Letter to Investors
2016 was full of surprises, and we expect that 2017 will be just as surprising. As we discussed in last quarter’s letter, the job of an investment manager is to navigate the world that is, not the world that we would like to have. Thus, rather than try to correctly predict what will happen next (an impossible task), we need to think through all the probable outcomes and be ready for whatever happens next. For instance, we have a policy mix in Washington, D.C. that not many predicted just a few months ago: a Republican president and Republican control of both houses of Congress. But the Republican president is not your “standard issue” Republican hard money, free-trading supply-sider. He is an apparent populist, who, as such, likely favors easy money, exports over imports, and policies that benefit domestic employment over capital. This is a policy mix we haven’t often seen in modern American history. What will be the impact on financial markets if policies move in this direction?
As we have noted in many of our commentaries, policies that roll back trade globalization, even a little bit, will likely result in higher inflation, simply because in this scenario the prices of imported goods would rise. Such higher prices would permit the prices of domestic goods to rise also as foreign competition would be less onerous. If successful, such policies are not all bad: the goal would be for these higher prices to permit more production in the U.S., which means more domestic employment and more sales and earnings for U.S.-based companies. The downside would be higher inflation in the U.S., which would result in higher interest rates on bonds and lower price/earnings ratios for equities. Commodity prices would likely respond well to this policy mix, but foreign producers of goods, especially emerging markets, would suffer.

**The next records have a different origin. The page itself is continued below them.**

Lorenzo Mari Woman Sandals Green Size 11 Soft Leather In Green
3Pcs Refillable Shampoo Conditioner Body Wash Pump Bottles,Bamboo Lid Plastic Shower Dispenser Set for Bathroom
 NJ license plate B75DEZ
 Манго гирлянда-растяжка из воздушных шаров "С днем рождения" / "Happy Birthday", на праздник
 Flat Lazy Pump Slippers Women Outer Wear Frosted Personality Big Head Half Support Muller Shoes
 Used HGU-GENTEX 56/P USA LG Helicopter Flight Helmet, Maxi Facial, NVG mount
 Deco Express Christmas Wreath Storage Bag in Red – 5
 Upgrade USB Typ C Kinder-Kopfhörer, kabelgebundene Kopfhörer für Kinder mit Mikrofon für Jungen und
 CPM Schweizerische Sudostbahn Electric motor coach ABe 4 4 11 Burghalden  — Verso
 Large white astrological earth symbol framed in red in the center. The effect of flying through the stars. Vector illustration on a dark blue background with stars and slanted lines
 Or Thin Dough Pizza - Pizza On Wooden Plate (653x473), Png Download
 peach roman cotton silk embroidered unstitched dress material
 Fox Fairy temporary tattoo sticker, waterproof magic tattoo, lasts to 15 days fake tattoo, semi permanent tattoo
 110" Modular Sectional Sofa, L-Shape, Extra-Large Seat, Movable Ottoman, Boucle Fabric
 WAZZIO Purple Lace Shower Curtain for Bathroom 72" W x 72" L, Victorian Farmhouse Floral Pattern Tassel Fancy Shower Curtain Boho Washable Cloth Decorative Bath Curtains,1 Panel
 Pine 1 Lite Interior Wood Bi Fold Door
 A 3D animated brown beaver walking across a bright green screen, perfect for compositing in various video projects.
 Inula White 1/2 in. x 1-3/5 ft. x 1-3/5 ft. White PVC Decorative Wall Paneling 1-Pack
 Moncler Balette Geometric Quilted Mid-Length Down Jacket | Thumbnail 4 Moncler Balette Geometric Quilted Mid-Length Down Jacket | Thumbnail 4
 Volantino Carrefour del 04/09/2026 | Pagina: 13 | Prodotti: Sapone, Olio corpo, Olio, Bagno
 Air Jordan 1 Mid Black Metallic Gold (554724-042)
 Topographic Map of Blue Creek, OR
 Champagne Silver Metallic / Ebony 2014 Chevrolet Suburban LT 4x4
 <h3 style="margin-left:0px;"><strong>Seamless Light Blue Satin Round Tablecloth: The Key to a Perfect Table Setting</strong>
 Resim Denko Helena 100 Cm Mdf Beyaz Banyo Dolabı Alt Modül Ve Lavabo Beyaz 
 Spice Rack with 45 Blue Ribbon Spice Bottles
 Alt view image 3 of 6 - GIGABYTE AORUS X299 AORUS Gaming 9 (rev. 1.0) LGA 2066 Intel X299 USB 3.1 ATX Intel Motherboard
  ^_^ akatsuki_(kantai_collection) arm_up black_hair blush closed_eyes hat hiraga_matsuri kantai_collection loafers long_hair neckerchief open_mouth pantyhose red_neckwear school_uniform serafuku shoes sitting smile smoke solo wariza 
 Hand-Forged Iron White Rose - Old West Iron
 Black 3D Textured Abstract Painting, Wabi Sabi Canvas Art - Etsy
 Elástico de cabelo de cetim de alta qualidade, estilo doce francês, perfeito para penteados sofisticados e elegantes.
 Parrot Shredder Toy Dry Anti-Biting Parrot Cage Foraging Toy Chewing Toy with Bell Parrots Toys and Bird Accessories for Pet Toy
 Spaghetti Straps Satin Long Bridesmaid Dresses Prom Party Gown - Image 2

Will all these things happen? We don’t know, but these policy proposals would be quite a break from those of all administrations of the last 40 years, Republican or Democrat. Thus, they have the potential to change financial markets by a little or a lot, depending on how (and by how much) they are implemented. Indeed, the bond market has sold off sharply since the election, resulting in higher interest rates. The stock market has risen during this time, likely on expectations of higher growth ahead (a common post-election reaction).
There is often a trade-off between low inflation and broad-based economic growth. As investors, we interpret the events of the presidential campaigns just concluded (in both parties) to mean that the American public has decided that the benefits of low inflation are not worth the low earnings power that is the experience of most American workers. That is a sea change. We don’t say that lightly.
How would we manage our portfolios differently if these changes occur? The leadership of Confluence started their careers in the high-inflation days of the 1970s and early 1980s and, as a result, our methodologies incorporate a respect for rising inflation. Since the guiding principle of our equity investment philosophy is that we target companies with powerful competitive advantages that result in pricing power, the companies we seek to invest in have the ability to raise prices (when necessary) with less push-back from customers than average businesses. This ability to raise prices is an important reason why such businesses are good hedges against inflation. We also seek to invest in companies that possess excellent management talent. Adept managers can respond to changes in the economic and policy climates, which is why well-chosen stocks can generally outpace bonds and other fixed-rate investments in a rising inflation environment. Of course, rising inflation would bring valuation headwinds, and thus we must stay true to our valuation discipline.
In general, on the fixed income side of our portfolios, we would keep our durations shorter than we have in years past. The potential for higher rates in the future would lead us to protect capital by avoiding low-coupon, long-term bonds. We will also tend to favor credit risk in fixed income as inflation will lower the real debt service cost for corporate borrowers. We’re not sure how policies might change or how all this will work out, but we are watching it closely and will respond to meaningful changes accordingly.
One thing never changes in the investment business: the world will surprise you, so prepare for it. Our wish for you is a Happy and Healthy New Year!
Thank you for your confidence in us.